The project boasted a multicultural roster with 21 participants from seven different European countries: Czechia, Poland, Spain, Estonia, Bulgaria, Hungary, and Portugal. Each country was represented by three youth workers, ensuring a balanced cultural and national distribution within the group. The selection process was transparent, requiring potential participants to fill out an online application form and undergo Skype interviews, coordinated by the hosting organization. The organizers were committed to achieving a gender balance and prioritized motivation and dissemination potential when selecting participants. In line with the Erasmus+ program objectives, special attention was given to those from disadvantaged backgrounds, including immigrants and refugees.

Partner organisations:
- CZECHIA, CEFIG International
- POLAND, YoWo Poland
- SPAIN, Asociación Cultural L'Ayalguina
- ESTONIA, MTÜ Kalliralli
- PORTUGAL, Gerar Oportunidades
- BULGARIA, Active Bulgarian Society
- HUNGARY, Eurotender

Training methods used & main activities

The training course employed a variety of non-formal education techniques to foster a conducive learning environment. Participants were gradually introduced to graphic facilitation methods and tools, allowing them to actively engage and experiment with these new techniques. This immersive, hands-on approach was supplemented by a range of participatory activities including workshops, simulations, role-playing games, and outdoor exercises, along with group discussions aimed at problem-solving and brainstorming. In this learner-centric environment, participants not only learned from trainers but also took the initiative to design and lead their own workshops, the content of which contributed to the project guide.

In addition to the formal learning activities, daily evening reflection sessions were integrated into the course, providing a platform for participants to share experiences and offer feedback in a safe and supportive setting. These reflective sessions encouraged active participation and dialogue, enabling participants to exchange best practices and insights. The ultimate goal was to cultivate a sense of collective wisdom and to strengthen positive group dynamics, ensuring that each participant felt empowered and actively involved in both their personal learning and the shared objectives of the group.

Outcomes of the activity

- Competence Development: Participants experienced significant development in various areas, including creativity, graphic facilitation, visual thinking, accessibility, and diversity awareness. By acquiring these new competences, the individual youth workers became more skilled and effective in their roles. The enhanced competences also contributed to improving the quality of services and activities they conducted in their local organizations and communities.

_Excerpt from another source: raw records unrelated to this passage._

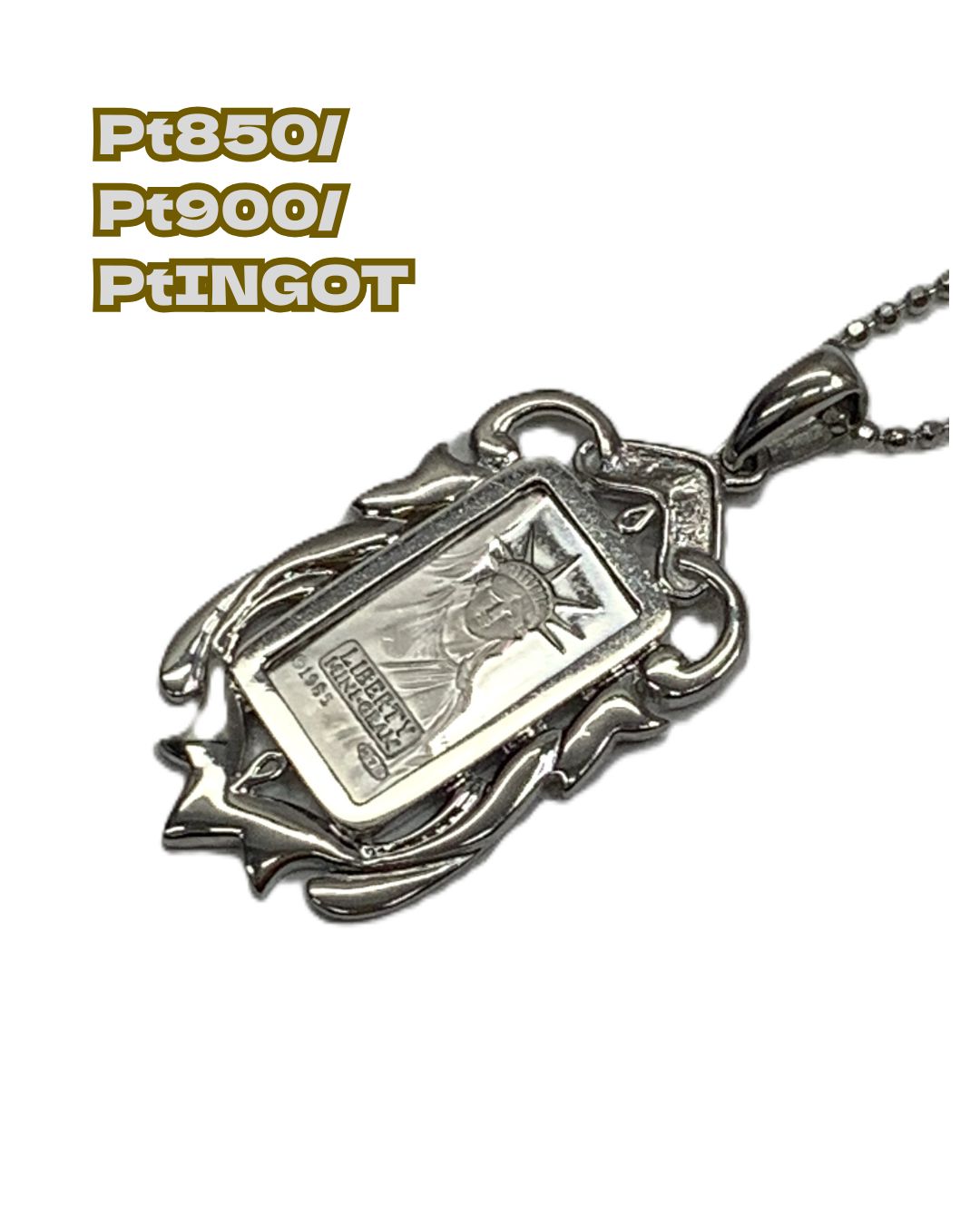 Pt 850 900 PtINGOT ネックレス クレリットスイス プラチナ リバティー 40 cm 8.1 g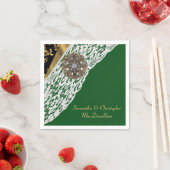 Serviette En Papier Mariage en dentelle verte noire et or blanc (En situation)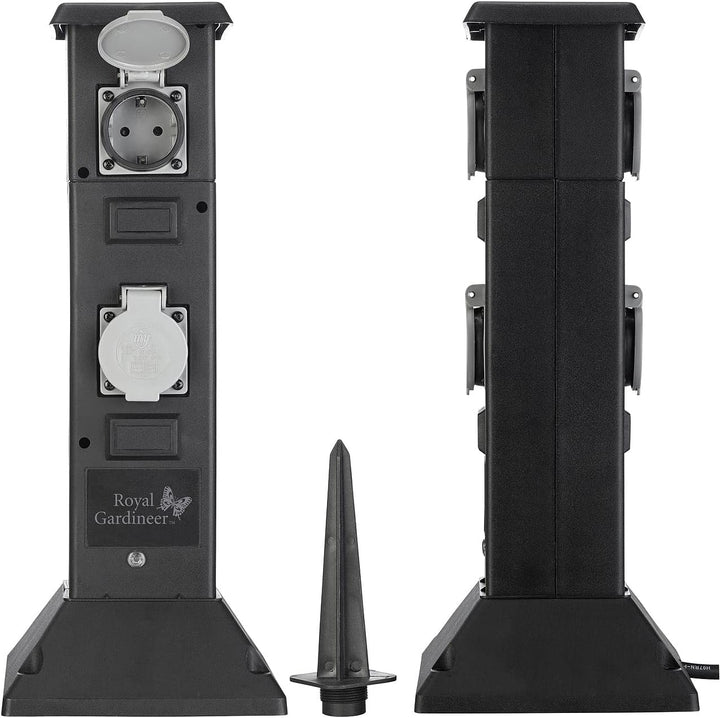 Royal Gardineer Stromverteiler Garten: 4-fach-WLAN-Outdoor-Steckdosen-Säule, App, Sprachsteuerung, 1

- Video Production: Participants successfully produced videos that utilized graphic facilitation methods. These videos aimed to encourage other youth workers to adopt graphic facilitation in their daily activities with youth. This outcome demonstrates the participants' ability to apply the skills they learned during the training course to create valuable resources for the youth work community.

Your tasks and responsibilities within the team

In the trainers' team of three, my role was multi-faceted. I was responsible for leading various training sessions that delved into key areas including design thinking, visual communication techniques, and the fundamentals of graphic facilitation.

A major part of my duties focused on educating participants about digital tools applicable to design and graphic creation in youth work settings. These tools provided participants with creative ways to elevate their projects and connect more effectively with their intended audiences. Furthermore, I orchestrated discussions around Erasmus+ and Youthpass—important components that enhance the quality of youth work by promoting international mobility and acknowledging informal learning. Beyond content delivery, I also facilitated reflective activities where participants could contemplate their learning journey and personal growth, offering them deeper insights into their evolving roles as youth workers.

I worked on this training for 7 days as a full time trainer.